- Date: 19–25 September
- Edition: 18th
- Surface: Clay
- Location: Genoa, Italy

Champions

Singles
- Thiago Monteiro

Doubles
- Dustin Brown / Andrea Vavassori
- ← 2019 · AON Open Challenger · 2023 →

= 2022 AON Open Challenger =

The 2022 AON Open Challenger was a professional tennis tournament played on clay courts. It was the eighteenth edition of the tournament which was part of the 2022 ATP Challenger Tour. It took place in Genoa, Italy between 19 and 25 September 2022.

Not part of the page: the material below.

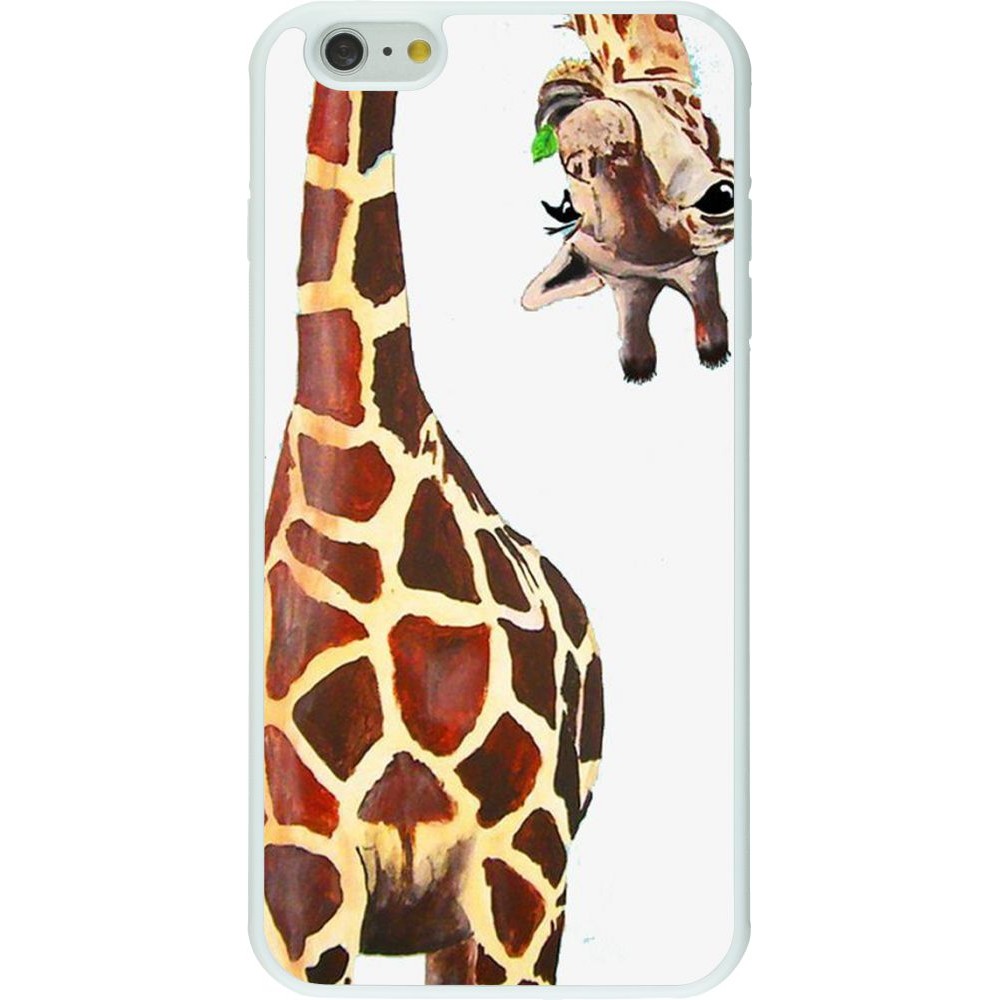 Hülle iPhone 6 Plus / 6s Plus - Silikon weiss Giraffe Fit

==Singles main-draw entrants==
===Seeds===

| Country | Player | Rank^{1} | Seed |
|---|---|---|---|
| ESP | Albert Ramos Viñolas | 40 | 1 |
| BRA | Thiago Monteiro | 65 | 2 |
| FRA | Corentin Moutet | 84 | 3 |
| SRB | Dušan Lajović | 92 | 4 |
| ESP | Pablo Andújar | 113 | 5 |
| ARG | Federico Delbonis | 118 | 6 |
| ITA | Francesco Passaro | 125 | 7 |
| ITA | Marco Cecchinato | 146 | 8 |

- ^{1} Rankings are as of 12 September 2022.

===Other entrants===
The following players received wildcards into the singles main draw:
- ITA Federico Arnaboldi
- ITA Gianmarco Ferrari
- ESP Albert Ramos Viñolas

The following player received entry into the singles main draw using a protected ranking:
- AUT Sebastian Ofner

The following players received entry into the singles main draw as alternates:
- BUL Adrian Andreev
- AUT Lukas Neumayer

The following players received entry from the qualifying draw:
- Andrey Chepelev
- ITA Matteo Gigante
- AUT Sandro Kopp
- CZE Martin Krumich
- FRA Matteo Martineau
- ITA Gabriele Piraino

The following player received entry as a lucky loser:
- BRA Oscar José Gutierrez

==Champions==
===Singles===

- BRA Thiago Monteiro def. ITA Andrea Pellegrino 6–1, 7–6^{(7–2)}.

===Doubles===

- JAM Dustin Brown / ITA Andrea Vavassori def. CZE Roman Jebavý / CZE Adam Pavlásek 6–2, 6–2.